One of the wild cards facing the agricultural industry is water availability. The ongoing California drought brought that message home in spades. As Donny noted, big data has a role to play in how water is used for agriculture. To help achieve better water usage, the Land and Water Division of the UN Food and Agricultural Organization (FAO) announced earlier this year “that it would develop a new open-access data portal that uses satellite imagery to provide insights into more efficient and productive use of agricultural waters — helping water-scarce countries in the Near East and North Africa better manage the resource.”[5] Jippe Hoogeveen, project coordinator and technical officer for the UN agency, stated, “Reporting on water productivity is lacking at country level in water scarce regions and this data will be key to creating sustainable agricultural systems in areas with scarce resources.” According to press release, “The aim of the new data portal … is to collect and analyze satellite information to improve land and water productivity and boost the sustainability of agricultural systems. All information will be openly available for countries and users who need it.” The fact that such systems are only beginning to be developed underscores the fact that the agricultural industry stands on the stoop of a new data-driven era. As another article notes, “Just as combustion-driven horsepower transformed farming in the early 20th century, farm technology experts contend that data-driven, analytical horsepower will spark a similar transformation of farming in the 21st century.”[6] It continues:

“The driving force behind this new horsepower revolution is commonly known as Big Data. This term is used to describe the colossal amounts of data being generated throughout the world and within the agricultural sector at breakneck speed and that are becoming so large and complex that processing, transferring, assessing and storing it often proves challenging. For now, Big Data, despite its immense promise, remains a sleeping giant with much of its potential still locked in the yield monitors and other precision farming technologies that farmers use routinely.”

Although precision farming will benefit crop yields in the United States and other developed countries, Lohr notes, “The most intriguing use of the technology may well be outside the United States.” Since all stakeholders from farmers to consumers play a part in helping ensure food security, better access to data and the insights that can be drawn from it will be critical for ensuring that stakeholders understand their role. Snyder concludes:

“As fewer and fewer Americans are involved in the business of farming, it can become more difficult to communicate how crops make their way from the fields and into our kitchens, as well as the environmental tradeoffs that are required. As more food companies take on the role of establishing sustainable sourcing partnerships within their supply chains, we can not only better explain to consumers how food is grown, but also make the entire system more sustainable in the long run. In the end, this kind of unparalleled collaboration and transparency leads to reduced climate impacts and more productive and profitable farming communities. And those are results worth celebrating.”

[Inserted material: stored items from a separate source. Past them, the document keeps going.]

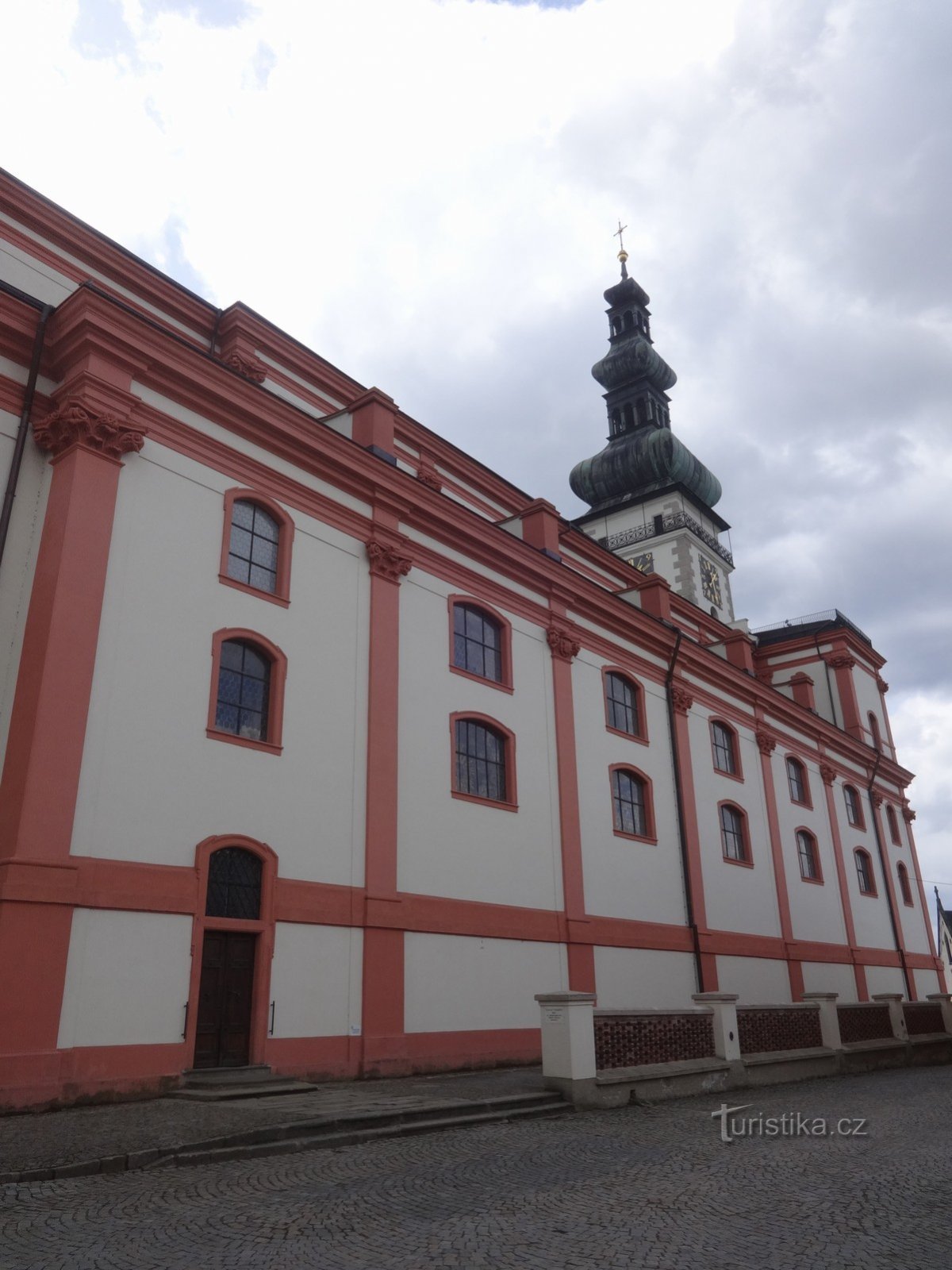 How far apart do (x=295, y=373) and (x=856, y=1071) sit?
17043mm

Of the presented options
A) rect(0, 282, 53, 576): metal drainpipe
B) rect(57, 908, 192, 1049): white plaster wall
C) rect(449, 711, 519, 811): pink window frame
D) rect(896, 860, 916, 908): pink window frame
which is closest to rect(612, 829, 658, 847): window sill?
rect(449, 711, 519, 811): pink window frame

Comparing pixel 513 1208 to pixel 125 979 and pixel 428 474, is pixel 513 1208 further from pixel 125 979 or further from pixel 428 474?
pixel 428 474

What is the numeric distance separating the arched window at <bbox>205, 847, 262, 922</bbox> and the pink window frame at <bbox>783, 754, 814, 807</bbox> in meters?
20.4

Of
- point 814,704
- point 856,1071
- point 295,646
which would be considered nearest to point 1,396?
point 295,646

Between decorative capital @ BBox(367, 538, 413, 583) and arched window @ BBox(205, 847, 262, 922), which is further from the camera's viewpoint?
decorative capital @ BBox(367, 538, 413, 583)

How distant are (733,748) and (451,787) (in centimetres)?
1281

With so many challenges lying ahead, my only caution is not to start celebrating too early.


[1] Rod Snyder, “Agriculture’s Role in Creating a More Sustainable Future,” CSRwire, 8 September 2015.
[2] Jenn Webb, “Big data’s impact on global agriculture,” Radar, 13 March 2015.
[3] Laurie Bedord, “Big Data Gets a Big Boost,” Agriculture.com, 2 December 2014.
[4] Steve Lohr, “The Internet of Things and the Future of Farming,” New York Times, 3 August 2015.
[5] “New open-access database aims to get water-scarce countries ‘more crop per drop’ – UN agency,” UN News Centre, 24 August 2015.
[6] “Big Data primed to transform farming,” The Grand Island Independent, 1 November 20014.